Nada El-Shabrawy est une jeune voix féminine qui a aussi une petite histoire avec les quatrains de Jahine. La poétesse, qui a été sur la liste courte du prix Negm cette année, a commencé à lire et à relire les quatrains dès l’âge de 7 ans. « Ce sont les premiers textes de poésie dialectale que j’ai lus. Mon père avait remarqué que j’écrivais des textes proches des chansons, alors il m’a offert Les Quatrains de Jahine. Certains m’ont plu, alors que je n’arrivais pas à déchiffrer d’autres, vu mon très jeune âge, parfois je restais au premier niveau de lecture. Mon père n’a pas considéré que ces vers de Jahine n’étaient pas convenables à une petite fille, donc j’ai eu la chance de les découvrir. C’est la preuve que Jahine peut être lu par des personnes de tous les âges. C’est grâce à lui que j’ai compris qu’il y a une autre forme de poésie, différente de celle en arabe classique qu’on étudiait à l’école, et que cette poésie n’est pas moins importante.
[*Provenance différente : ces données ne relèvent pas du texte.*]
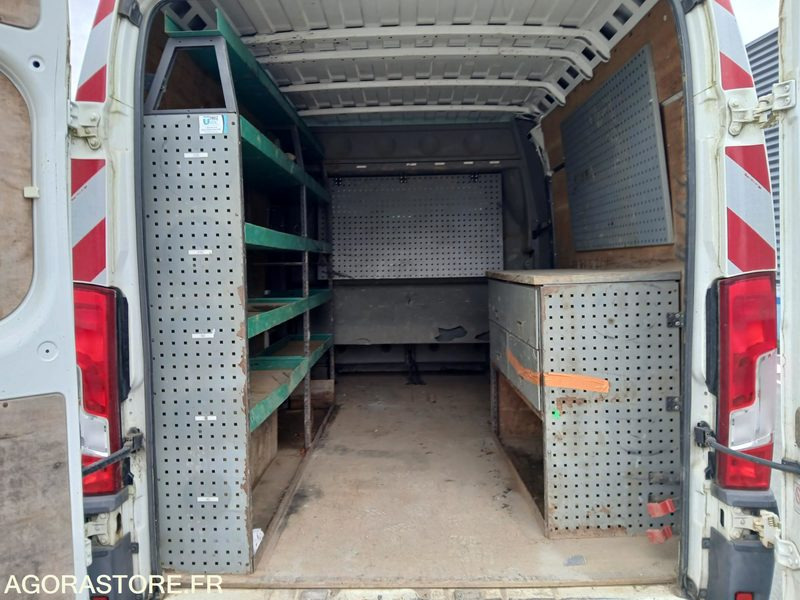 Fourgon utilitaire JUMPER 7 PLACES - 2015 / 194 131 KM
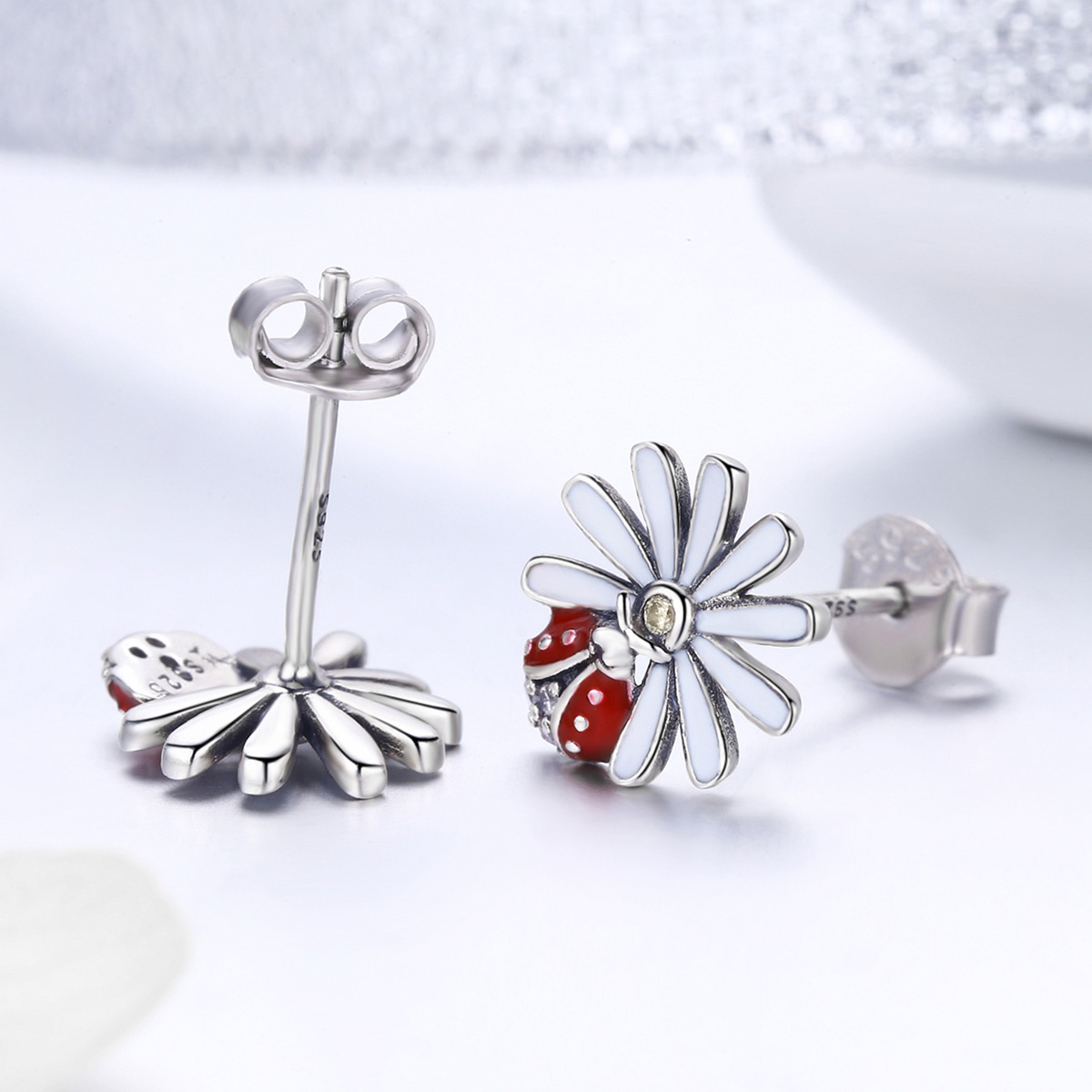 Pandora Style Vuurvliegjes en Daisy Oorknopjes - SCE459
Beaucoup de poètes débutent par imiter les quatrains de Jahine, puis ils découvrent que ce n’est pas facile. Son style est assez trompeur ! Certains ont tenté d’imiter, avec succès, les styles d’Al-Abnoudi ou de Negm, mais ce n’est pas du tout évident avec Jahine. Il y a une telle concision et une telle intensification dans ses poèmes, témoignant d’une si grande intelligence », s’étale El- Shabrawy.

De mauvaises imitations Cette dernière, également booktubeuse, reconnaît que plusieurs pages Facebook et autres plateformes publient des poèmes, en les collant à Jahine. Pourtant, ce sont de mauvaises imitations. « Ceci révèle, d’une part, le manque de connaissance chez les jeunes, qui ne parviennent pas à discerner le vrai du faux, et révèle, d’autre part, la place de Jahine, toujours aussi apprécié du grand public », faitelle remarquer, assurant que son impact sur les poètes qui écrivent en arabe classique est encore plus important que celui exercé sur les adeptes du dialectal. Son lexique, ses images et la structure de ses poèmes sont très prenants.